Friday, December 17, 2010

Missing humanists

(First in a series on yesterday's Google/Harvard paper in Science and its reception.)

So there are four things I'm immediately interested from yesterday's Google/Harvard paper.

  1. A team of linguists, computer scientists and other non-humanists published that paper in Science about using Google data for word counts to outline the new science of 'culturomics';
  2. They described the methodology they used to get word counts out of the raw metadata and scans, which presumably represents the best Google could do in 2008-09;
  3. Google released a web site letting you chart the shifts in words and phrases over time;
  4. Google released the core data powering that site containing data on word, book, and page occurrences for various combinations of words.
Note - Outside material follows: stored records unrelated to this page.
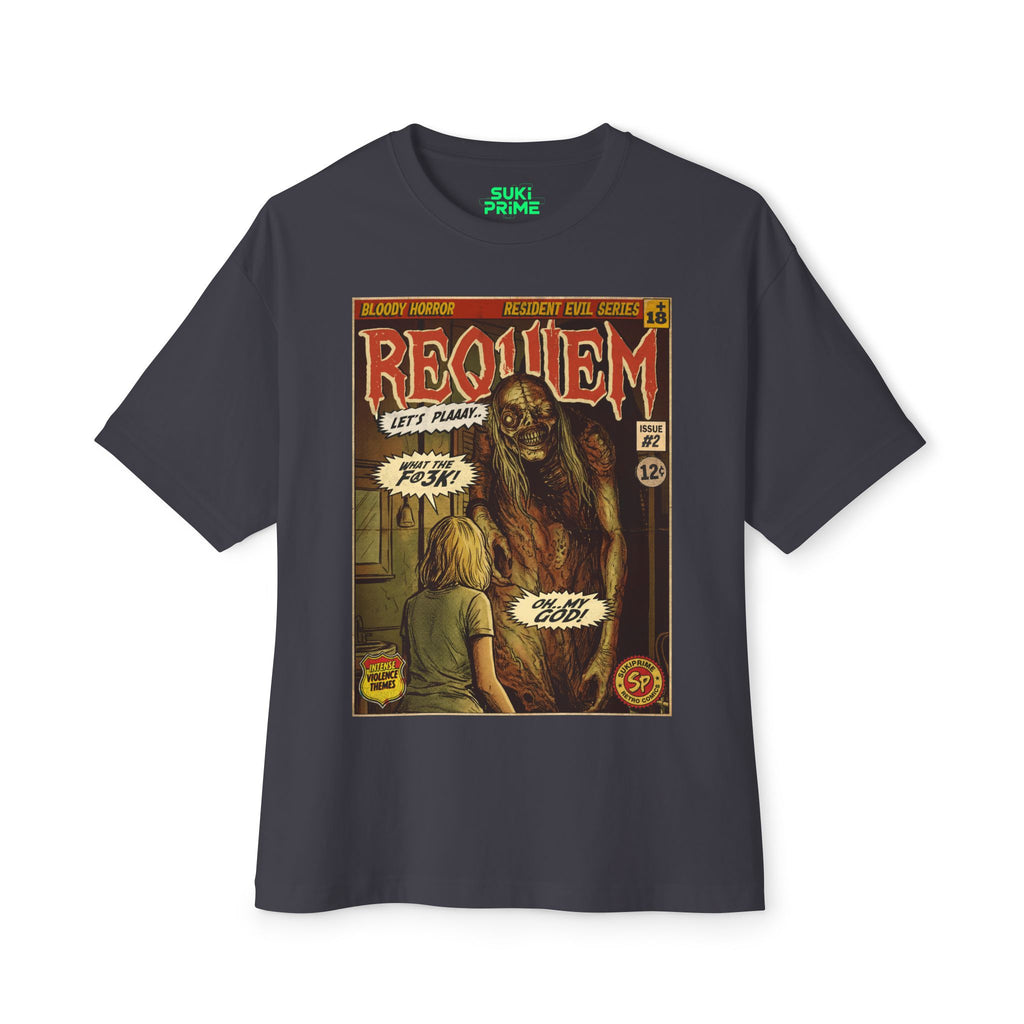 Resident Evil Requiem Comic Cover Oversized T-Shirt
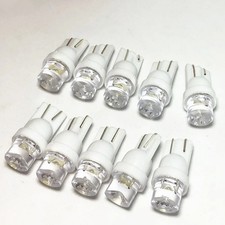 10PCS T10 W5W LED 194 168 SMD Car Lights Parking Bulb Wedge Side Lamps White 12V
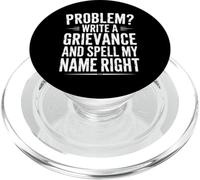 Funny Spell My Name Right Slogan Sarcastique PopSockets PopGrip pour MagSafe
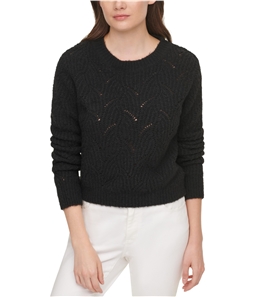 DKNY Womens Solid Knit Sweater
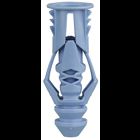 Triple Grip, Multi-Purpose Anchor, 1-1/2 in. length, 5/16 in. drill size, #10 screw size, Plastic, 150, 800 lb. shear strength, Blue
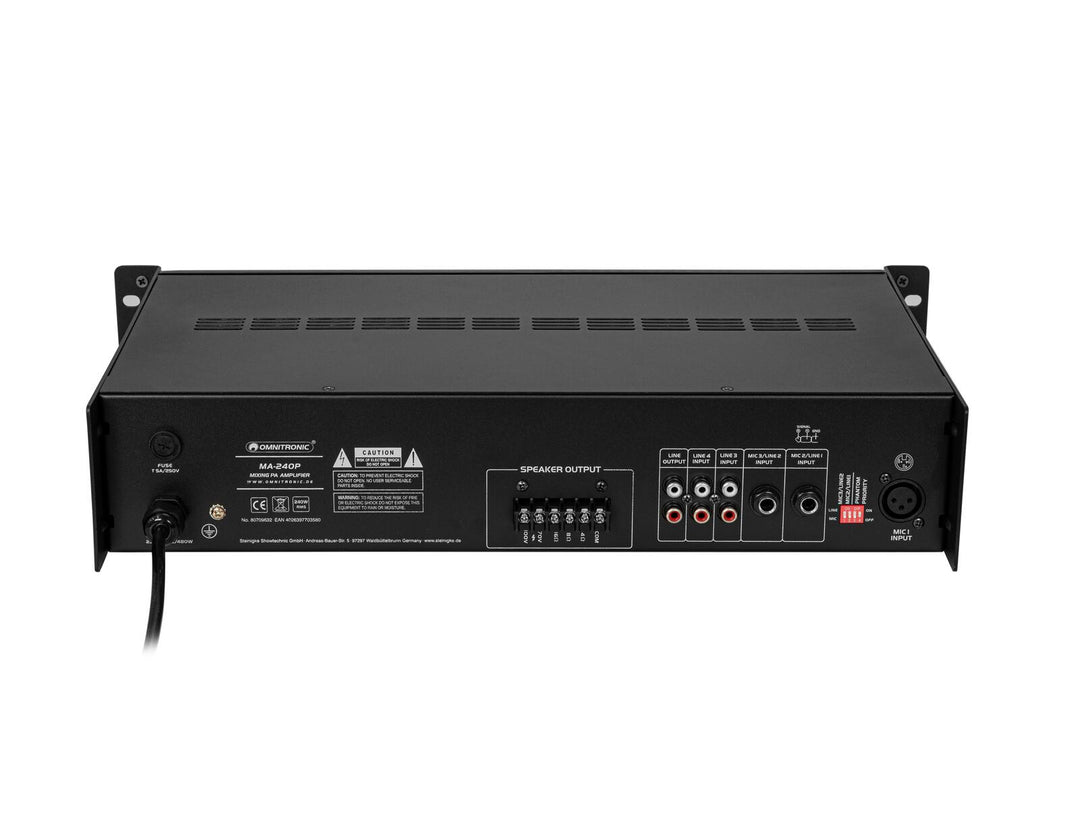 OMNITRONIC MA-240P PA Mixing Amplifier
Twitter seems largely focused on #3 as a fascinating tool/diversion, the researchers seem to hope that #1 will create a burst of serious research using #4, and anyone doing research in the field should be eagerly scanning #2 for clues about what the state of art is—how far you can get with full cooperation from Google, with money to hire programmers, etc, and with unlimited computing infrastructure.

Each of these is worth thinking about in turn. Cut through all of it, though, and I think the core takeaway should be this:

Humanists need to be more involved in how these massive stores of data are used.

None were involved in this project, and it shows in all sorts of ways. Humanists understand the limitations, the opportunities, and the nuances of the books that have been sitting on library shelves better than anyone else, and they have been thinking for decades about differences between language and culture that seem to be mostly off the radar screen of the people doing this work now.

The Google dataset is fascinating. If I can find the hard drive space to start processing it, I look forward to using it on some of the same questions I've been tackling. It's great for linguistic applications like the regular/irregular verbs it was created for, and will be useful for a lot of constructions I'm interested in for other reasons.

As a public tool, as a first source, it's invaluable. The first academic I showed it to today was blown away by the implications. Lots of people are playing around with the results today. Once we start to figure out to process the gigs of data that were dumped with it, a lot of other interesting stuff becomes possible, too.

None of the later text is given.